Part of the fun of programming on these devices and retro computers is learning and proving what can be done with limited resources. (Look at some of the amazing games they are still making for an Atari 2600, 50 years after release putting the original versions to shame). Too much code / compilers today just assumes unlimited storage, bandwidth and CPU power, and thus we get very bloated software across phones and computers that constantly require hardware updates to keep up.
An ability to get something done and "fit" in the confines of some particular device definitely something many can't do. I wish you the best on your efforts here to make it all work!
Sure it is fun to reach and work around the limits of the hardware, and 100MSPS dual channel oscilloscope is at the limit of an MCU without the help of an FPGA.
The HAL code of CumbeMX is very bloated, eating up a lot of flash, but I am not willing to go the bare metal programming route, just to rewrite everything for a different MCU later. So bloated CubeMX it is. Most of the flash space is eaten up by the fonts

My solution to the problem is using the external SPI flash as firmware storage, and copying everything from there into RAM at boot time. This way I have about 900kB of firmware space, that should be plenty enough.

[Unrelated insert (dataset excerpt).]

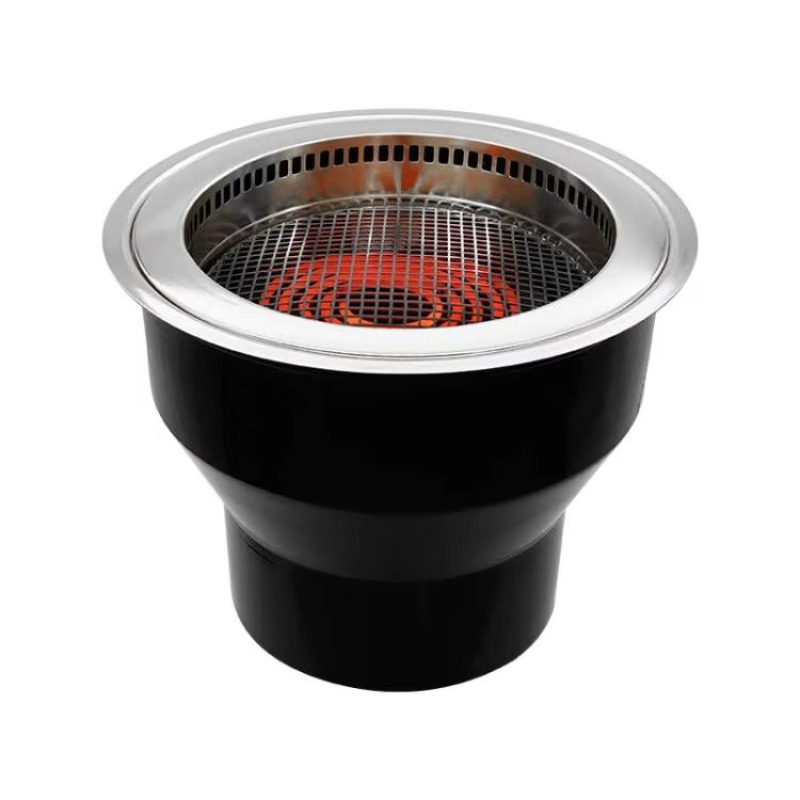 BBQ Grill Table Electric Hot P - Korean Bbq Grill のレビューと価格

This is a compromise, and this way the bootloader is only a sort-of bootloader, which has the limitation of not working anymore if a firmware update gets messed up (ex. power loss while updating).
In the unlikely case of a messed up firmware update, only recovery by JTAG is possible. This should not be a huge problem, because installing the firmware for the first time will require a JTAG adapter (at least an ST-Link) anyway.
The bigger MCU is still very tempting, because of the 480Mhz f_max of the core. I would just love to tell everyone, that my DMMs CPU is running at 400MHz

My first computer (C64) was running 400x slower....